Given the hostility that some on his side have taken to displaying against the military these days, it was good to read the words of liberal blogger, New York Times guest columnist and Army brat Robert Wright today (“Times Select,” i.e., pay subscription only – feh). Wright makes a interesting admission:

The part of San Francisco I lived in was the Presidio, which was then a military base. I was 12, and my father was an Army officer. I remember my family once driving toward the Presidio’s Lombard Street gate past tens of thousands of protesters who seemed to think my father was part of a very bad outfit.

I was sure they were wrong, and I still am. In fact, the whole, larger stereotype — that the military is a right-wing institution, best viewed with skepticism if not cynicism by the left — is way off. Growing up in, or at least amid, the Army helped make me a liberal — not because I reacted against my environment, but because I absorbed its values. If all of America were more like the Army, it would be a better country.

People think of the Army as hierarchical, but compared with the private sector it’s a bastion of egalitarianism.

Yes, the Army’s “blue-collar workers” — privates, corporals, sergeants — defer to its “white-collar workers,” the officers. That happens in corporations, too. But on an Army base you don’t send the white-collar kids to good public schools and the blue-collar kids to bad public schools.

I had friends from the Army’s biggest minority constituencies, blacks and Hispanics. Among soldiers, too, exposure to diversity, along with the practical need to live with it, could be benign. My father grew up in Texas in the 1920s, amid common use of the n-word, and I never heard him use it.
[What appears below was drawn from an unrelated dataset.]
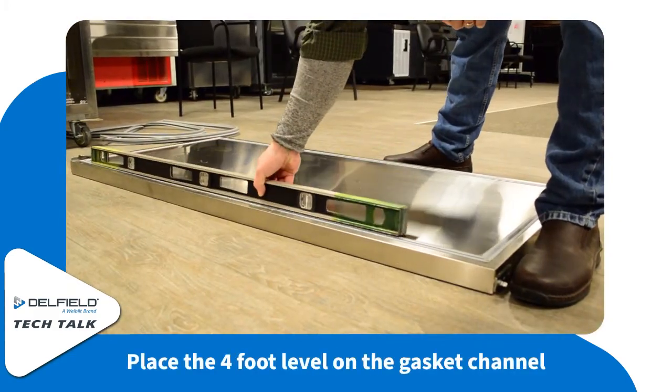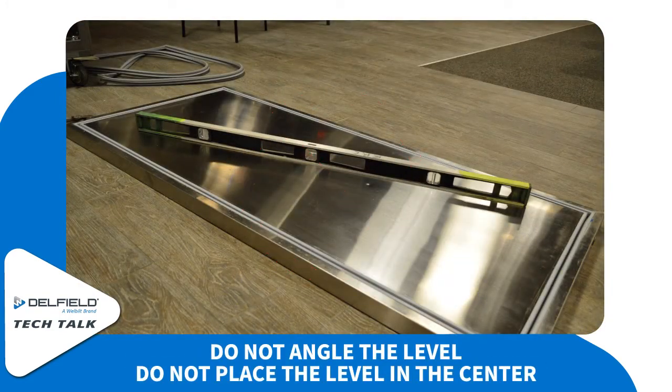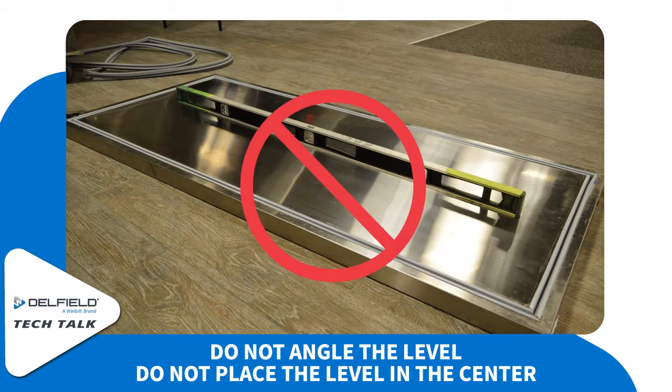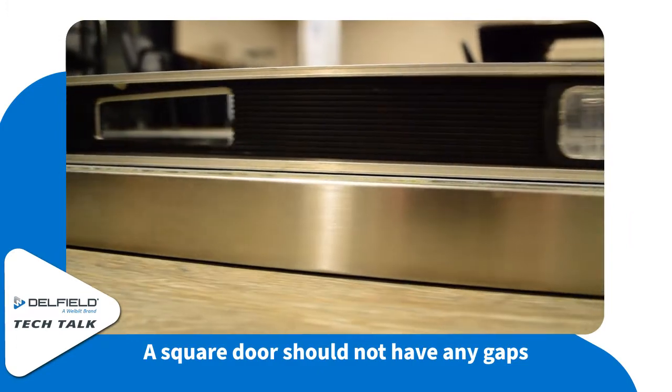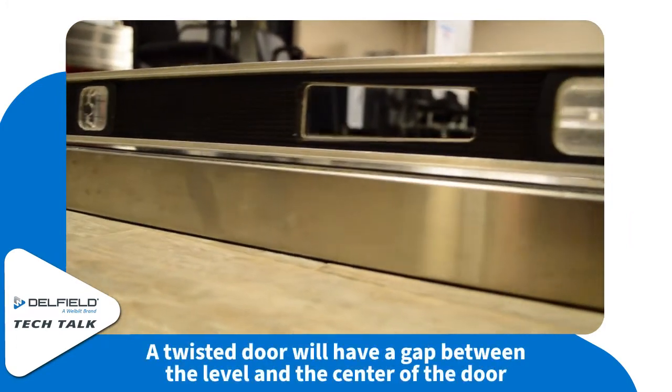Set your 4-foot level on the channel which the gasket was removed from. For this process you can't put your 4-foot level on an angle or in the center of the door, or you might not be able to see the warped corners of the door. You'll know if the door is okay if there is no gap between the level and the door, or a suspect twisted door is going to have a gap between the level and the door.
Which brings us to social mobility. My father was the son of a sharecropper, and he dropped out of high school after both of his parents and most of his siblings had died of various diseases. He lacked the polish to impress, say, a Morgan Stanley recruiter, but during World War II, the Army gave him a chance.

That meant better health care than his parents had gotten, thanks to socialized medicine.

I will leave it to the better qualified to sing the paeans of the military’s socialized medical scheme – my own experience has been marked by some pretty large excursions around an otherwise acceptable mean – but it’s interesting to analyze the other things that Wright lables as liberal military values.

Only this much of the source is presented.